“The Chinese – having failed to gain consensus for their latest proposal – will fold their tents and redirect their expansionist ambitions to other more easily infatuated areas of the globe,” says columnist ROBERT MACKLIN.
THE Albanese government’s response to the Chinese courting of our Pacific neighbours is pretty much on the money.
It’s focused on the new government’s climate-change policy. And it leaves open new immigration measures to increase islanders to temporary and permanent employment in a country crying out for people to fill a range of desperately needed skills.
Add to that a program to raise islanders’ education standards at home and in Australia.
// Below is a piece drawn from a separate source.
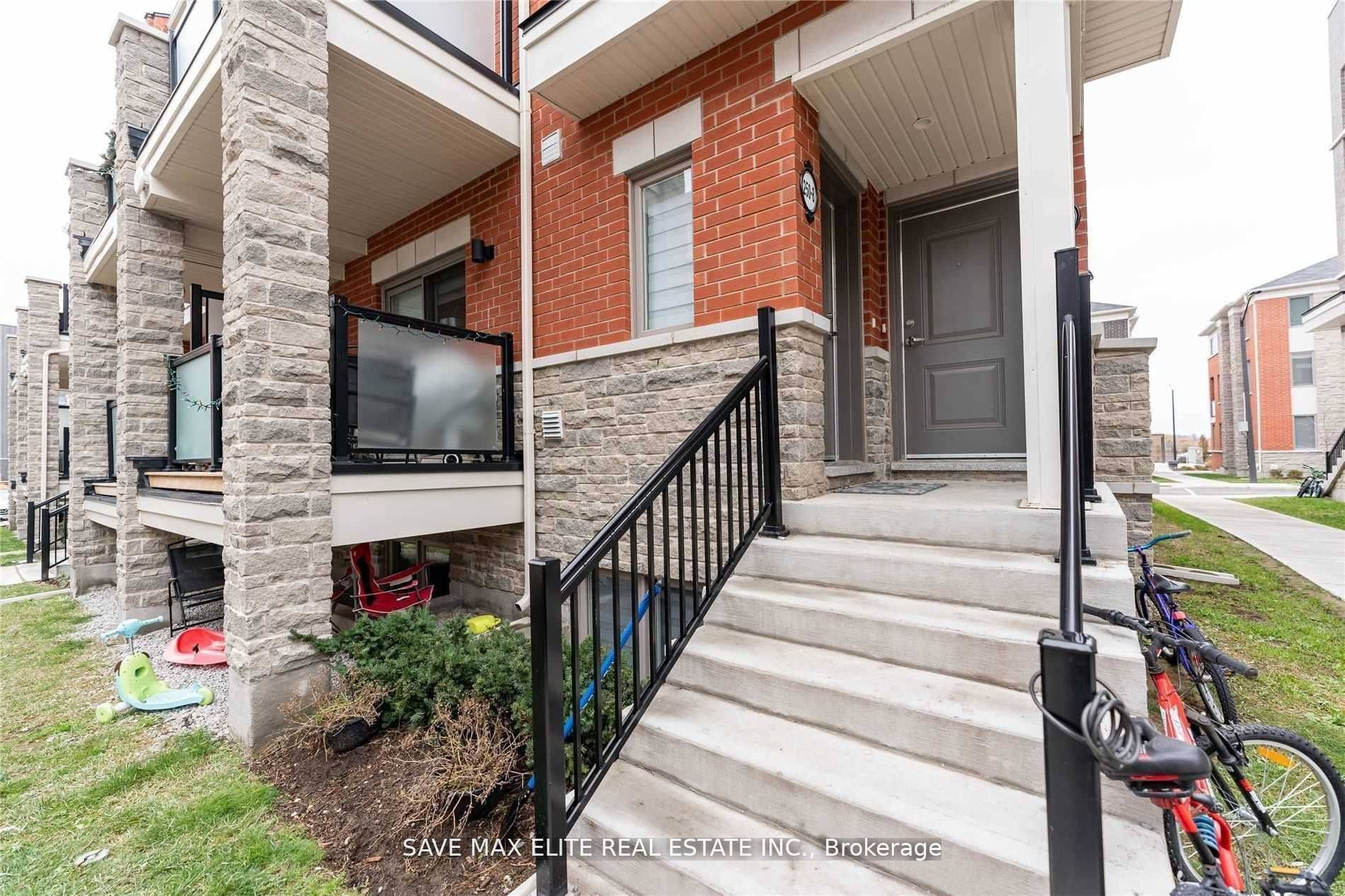 Brampton, ON L7A 5G9,250 Lagerfeld DR #8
Co-ordinate the policy with Jacinta Ardern’s NZ, and the Chinese – having failed to gain consensus for their latest proposal – would eventually fold their tents and redirect their expansionist ambitions to other more easily infatuated areas of the globe.
It won’t be easy and there will be speed bumps along the way – such as the provision of yet more housing in a market stretched to breaking point; and a trade union movement seeking to raise wages at a time of growing inflation.
But the real test will be to continue to compete with China in an arena where behind the goal posts at one end is the Defence Establishment – captained by Drum Major Dutton – barracking for battle. While in the press box the Murdoch media is firing up the fans in the cheap seats to wave the flags of combat. And as usual, the old generals will be fighting the last Pacific war.
That’s when my old boss, John McEwen as External Affairs Minister in 1940, organised a coup against the Vichy French administration of New Caledonia with their links to Japan, replaced them with Free French volunteers, and carted the Vichy folk off to Vietnam in a Norwegian freighter. This denied the Japanese an air base at Noumea and an American general later told him it shortened the war by six months.
The parallels are obvious, the more so since Albo clearly established an immediate chummy relationship with Joe Biden at the Quad meeting in Japan.
But let’s not forget the smoke and mirrors that cloak all such demonstrations of eternal friendship and diplomatic loyalty.
One corner of the Quad, India’s Narendra Modi is a democrat in name only. Every instinct of the man is taking him down the path to Hindu autocracy.
His administration is utterly corrupt and riven with the lunacy of caste. He refuses to condemn Putin’s war on Ukraine, let alone join in the West’s support for the defenders.
At another corner, Joe Biden is facing a disaster in the mid-term elections that will lose him the House of Reps and the Senate; and with the Supreme Court already in Republican hands, he’ll be a doddery lame duck even if he’s around to run for a second term in 2024. And since V-P Kamala Harris has lost all the support she briefly enjoyed and the rest of the Democrat cupboard is bare, either Donald Trump or his equally scary Florida governor Ron DeSantis will rumble into the Oval Office. And neither would give a hoot for the South Pacific, the climate “hoax”, or Joe’s pal Down Under.
This is not necessarily bad news. But it does mean that we shouldn’t depend on Quads or ANZUS Treaties – and especially not AUKUS where Britain and the US are just in it for the money – in the form of a submarine fleet.
However, there is an obvious alternative: we could finally accept our geographic reality and have the good sense and maturity to develop our own independent foreign policy, one that incorporates an accord with the South Pacific, Indonesia and south-east Asia. We could seek our security not from Asia but in Asia? Or did someone else say that already?